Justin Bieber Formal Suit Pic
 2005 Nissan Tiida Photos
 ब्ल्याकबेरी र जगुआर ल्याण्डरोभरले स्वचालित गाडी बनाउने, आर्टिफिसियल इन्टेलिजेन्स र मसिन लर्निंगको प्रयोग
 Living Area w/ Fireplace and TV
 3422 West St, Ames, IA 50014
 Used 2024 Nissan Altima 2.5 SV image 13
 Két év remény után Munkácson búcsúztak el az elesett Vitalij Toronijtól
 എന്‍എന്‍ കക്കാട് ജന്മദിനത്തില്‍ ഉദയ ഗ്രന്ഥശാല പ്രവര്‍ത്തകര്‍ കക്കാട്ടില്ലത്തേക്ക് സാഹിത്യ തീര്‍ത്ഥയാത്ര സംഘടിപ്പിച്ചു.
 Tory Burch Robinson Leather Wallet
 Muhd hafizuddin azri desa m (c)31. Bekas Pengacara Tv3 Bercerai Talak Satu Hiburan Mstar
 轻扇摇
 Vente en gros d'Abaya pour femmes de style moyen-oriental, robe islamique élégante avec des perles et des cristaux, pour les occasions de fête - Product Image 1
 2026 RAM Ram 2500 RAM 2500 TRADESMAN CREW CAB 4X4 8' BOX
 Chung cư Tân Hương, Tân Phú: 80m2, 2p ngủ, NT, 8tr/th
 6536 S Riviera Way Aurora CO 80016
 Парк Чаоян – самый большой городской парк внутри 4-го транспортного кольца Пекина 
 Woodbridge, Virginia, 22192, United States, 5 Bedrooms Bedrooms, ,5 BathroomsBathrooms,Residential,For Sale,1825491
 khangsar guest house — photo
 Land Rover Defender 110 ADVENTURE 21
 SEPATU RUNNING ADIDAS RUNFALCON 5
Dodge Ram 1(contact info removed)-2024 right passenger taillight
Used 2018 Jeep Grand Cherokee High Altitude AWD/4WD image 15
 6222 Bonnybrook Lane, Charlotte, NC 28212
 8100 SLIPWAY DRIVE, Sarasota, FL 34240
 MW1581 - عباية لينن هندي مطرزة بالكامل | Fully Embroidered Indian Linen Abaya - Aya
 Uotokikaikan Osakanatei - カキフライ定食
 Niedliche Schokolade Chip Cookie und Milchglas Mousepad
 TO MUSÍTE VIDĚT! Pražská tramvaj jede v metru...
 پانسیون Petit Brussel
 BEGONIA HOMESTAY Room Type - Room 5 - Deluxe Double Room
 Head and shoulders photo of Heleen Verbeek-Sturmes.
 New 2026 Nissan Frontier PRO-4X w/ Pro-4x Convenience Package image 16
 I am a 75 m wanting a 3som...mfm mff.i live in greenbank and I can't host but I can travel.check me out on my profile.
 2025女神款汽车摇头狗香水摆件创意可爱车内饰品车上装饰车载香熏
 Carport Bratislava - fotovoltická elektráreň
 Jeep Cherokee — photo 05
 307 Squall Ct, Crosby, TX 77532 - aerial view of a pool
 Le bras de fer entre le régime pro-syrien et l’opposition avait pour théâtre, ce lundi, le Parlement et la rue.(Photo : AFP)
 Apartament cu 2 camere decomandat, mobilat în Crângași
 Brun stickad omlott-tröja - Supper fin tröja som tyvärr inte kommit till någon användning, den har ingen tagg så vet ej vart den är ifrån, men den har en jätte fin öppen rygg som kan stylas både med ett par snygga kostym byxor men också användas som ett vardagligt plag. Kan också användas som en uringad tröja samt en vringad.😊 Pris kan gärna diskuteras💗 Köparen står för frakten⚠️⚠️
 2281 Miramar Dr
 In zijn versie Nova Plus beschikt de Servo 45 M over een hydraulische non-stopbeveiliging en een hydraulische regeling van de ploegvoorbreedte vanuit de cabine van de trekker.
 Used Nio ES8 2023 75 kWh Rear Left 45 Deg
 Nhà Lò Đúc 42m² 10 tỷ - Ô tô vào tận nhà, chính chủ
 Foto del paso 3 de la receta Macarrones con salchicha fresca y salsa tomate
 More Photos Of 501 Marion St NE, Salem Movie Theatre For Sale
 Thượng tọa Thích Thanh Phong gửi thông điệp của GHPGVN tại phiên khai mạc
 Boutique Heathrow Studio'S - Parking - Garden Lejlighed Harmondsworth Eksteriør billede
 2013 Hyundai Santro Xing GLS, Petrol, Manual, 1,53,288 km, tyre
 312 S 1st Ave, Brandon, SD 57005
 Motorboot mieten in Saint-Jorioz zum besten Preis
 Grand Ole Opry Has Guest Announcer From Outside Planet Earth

## [Directions]
Down to the last line, retype the entries above exactly.

## [Answer to this exercise]
Justin Bieber Formal Suit Pic
 2005 Nissan Tiida Photos
 ब्ल्याकबेरी र जगुआर ल्याण्डरोभरले स्वचालित गाडी बनाउने, आर्टिफिसियल इन्टेलिजेन्स र मसिन लर्निंगको प्रयोग
 Living Area w/ Fireplace and TV
 3422 West St, Ames, IA 50014
 Used 2024 Nissan Altima 2.5 SV image 13
 Két év remény után Munkácson búcsúztak el az elesett Vitalij Toronijtól
 എന്‍എന്‍ കക്കാട് ജന്മദിനത്തില്‍ ഉദയ ഗ്രന്ഥശാല പ്രവര്‍ത്തകര്‍ കക്കാട്ടില്ലത്തേക്ക് സാഹിത്യ തീര്‍ത്ഥയാത്ര സംഘടിപ്പിച്ചു.
 Tory Burch Robinson Leather Wallet
 Muhd hafizuddin azri desa m (c)31. Bekas Pengacara Tv3 Bercerai Talak Satu Hiburan Mstar
 轻扇摇
 Vente en gros d'Abaya pour femmes de style moyen-oriental, robe islamique élégante avec des perles et des cristaux, pour les occasions de fête - Product Image 1
 2026 RAM Ram 2500 RAM 2500 TRADESMAN CREW CAB 4X4 8' BOX
 Chung cư Tân Hương, Tân Phú: 80m2, 2p ngủ, NT, 8tr/th
 6536 S Riviera Way Aurora CO 80016
 Парк Чаоян – самый большой городской парк внутри 4-го транспортного кольца Пекина 
 Woodbridge, Virginia, 22192, United States, 5 Bedrooms Bedrooms, ,5 BathroomsBathrooms,Residential,For Sale,1825491
 khangsar guest house — photo
 Land Rover Defender 110 ADVENTURE 21
 SEPATU RUNNING ADIDAS RUNFALCON 5
Dodge Ram 1(contact info removed)-2024 right passenger taillight
Used 2018 Jeep Grand Cherokee High Altitude AWD/4WD image 15
 6222 Bonnybrook Lane, Charlotte, NC 28212
 8100 SLIPWAY DRIVE, Sarasota, FL 34240
 MW1581 - عباية لينن هندي مطرزة بالكامل | Fully Embroidered Indian Linen Abaya - Aya
 Uotokikaikan Osakanatei - カキフライ定食
 Niedliche Schokolade Chip Cookie und Milchglas Mousepad
 TO MUSÍTE VIDĚT! Pražská tramvaj jede v metru...
 پانسیون Petit Brussel
 BEGONIA HOMESTAY Room Type - Room 5 - Deluxe Double Room
 Head and shoulders photo of Heleen Verbeek-Sturmes.
 New 2026 Nissan Frontier PRO-4X w/ Pro-4x Convenience Package image 16
 I am a 75 m wanting a 3som...mfm mff.i live in greenbank and I can't host but I can travel.check me out on my profile.
 2025女神款汽车摇头狗香水摆件创意可爱车内饰品车上装饰车载香熏
 Carport Bratislava - fotovoltická elektráreň
 Jeep Cherokee — photo 05
 307 Squall Ct, Crosby, TX 77532 - aerial view of a pool
 Le bras de fer entre le régime pro-syrien et l’opposition avait pour théâtre, ce lundi, le Parlement et la rue.(Photo : AFP)
 Apartament cu 2 camere decomandat, mobilat în Crângași
 Brun stickad omlott-tröja - Supper fin tröja som tyvärr inte kommit till någon användning, den har ingen tagg så vet ej vart den är ifrån, men den har en jätte fin öppen rygg som kan stylas både med ett par snygga kostym byxor men också användas som ett vardagligt plag. Kan också användas som en uringad tröja samt en vringad.😊 Pris kan gärna diskuteras💗 Köparen står för frakten⚠️⚠️
 2281 Miramar Dr
 In zijn versie Nova Plus beschikt de Servo 45 M over een hydraulische non-stopbeveiliging en een hydraulische regeling van de ploegvoorbreedte vanuit de cabine van de trekker.
 Used Nio ES8 2023 75 kWh Rear Left 45 Deg
 Nhà Lò Đúc 42m² 10 tỷ - Ô tô vào tận nhà, chính chủ
 Foto del paso 3 de la receta Macarrones con salchicha fresca y salsa tomate
 More Photos Of 501 Marion St NE, Salem Movie Theatre For Sale
 Thượng tọa Thích Thanh Phong gửi thông điệp của GHPGVN tại phiên khai mạc
 Boutique Heathrow Studio'S - Parking - Garden Lejlighed Harmondsworth Eksteriør billede
 2013 Hyundai Santro Xing GLS, Petrol, Manual, 1,53,288 km, tyre
 312 S 1st Ave, Brandon, SD 57005
 Motorboot mieten in Saint-Jorioz zum besten Preis
 Grand Ole Opry Has Guest Announcer From Outside Planet Earth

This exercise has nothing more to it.